Wach, Joachim
Influential German Christian scholar of religion who held a position at the University of Chicago from 1945 to 1955.
Wach asked important questions about the study of religion.
For instance:
- Are researchers able to understand the essence of a belief system that they, themselves, don’t believe nor participate in?
- Do researchers simply articulate some kind of marketable fiction that has little bearing on the intricacies of what really happens in the religious lives of so many unique individuals?
- Conversely, are researchers able to discern a common thread among apparent differences in religious phenomena?
For Wach that common thread among humanity is the tendency toward religion, itself.

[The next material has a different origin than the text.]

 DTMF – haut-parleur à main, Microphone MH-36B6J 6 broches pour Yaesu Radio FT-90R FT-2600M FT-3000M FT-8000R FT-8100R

Theodore M. Ludwig further notes that
Wach repeatedly takes up the question of the “objectivity” of the interpreter, whether one who is not a committed believer can understand a religion, whether historical distance helps or hinders understanding, and the like. His position is argued at length: the scholar can by “bracketing” his or her own views enter into understanding of another religion, sometimes presenting it even more completely and accurately than believers can. But there must be, Wach argues, an empathy or sensitivity for religion on the part of the scholar, otherwise there can be no understanding.
Theodore M. Ludwig, “Review: Joachim Wach’s Voice Speaks Again” in History of Religions, Vol. 29, No. 3, Feb., 1990: 289-291, p. 291.

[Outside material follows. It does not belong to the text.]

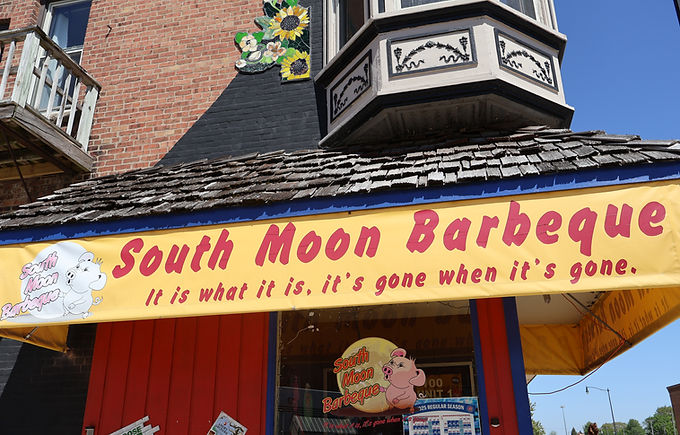 South Moon Barbeque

Wach is extremely interested in religious experience. As such he defines the term Ultimate Reality in terms of a personal experience, an approach not unlike that found in Rudolf Otto’s The Idea of the Holy.
Although it wouldn’t be politically correct to do so today, Wach differentiates religious from magical experience.
Religious experience is a continuous (with intermittences) response to a “powerful, comprehensive, shattering, and profound” experience of Ultimate Reality that must simultaneously involve the hierarchical elements of intellect, affect and volition, and which leads to definite and imperative action.
By way of contrast, Wach says that magical experience is a mere series of “unconnected thrills,” this perhaps paralleling Sri Aurobindo’s notion of ‘vitalistic’ energy which, for Aurobindo, stands definitely lower on the ‘quality scale,’ if you will, of interior experience.
Wach’s definition of action seems quite forward thinking in that it includes acts of contemplation, a perspective that we’re just getting glimmerings of today in our so-called enlightened age.
In differentiating contemplation from slothful indifference, Wach notes William James’ Christian pragmatism: “Our practice is the only sure evidence even to ourselves, that we are genuinely Christians” (Joachim Wach, The Comparative Study of Religions, Joseph M. Kitagawa ed. New York: Columbia University Press, 1958: 31-35).
One must ask, however, if even the so-called indifferent sloth is, in fact, doing some form of spiritual labor, if perhaps unwittingly.
This notion of different types of work, visible and invisible, echoes the Greek pre-Socratic Heraclitus’ conviction that
Even sleepers and dreamers are workers and collaborators in what goes on in the universe.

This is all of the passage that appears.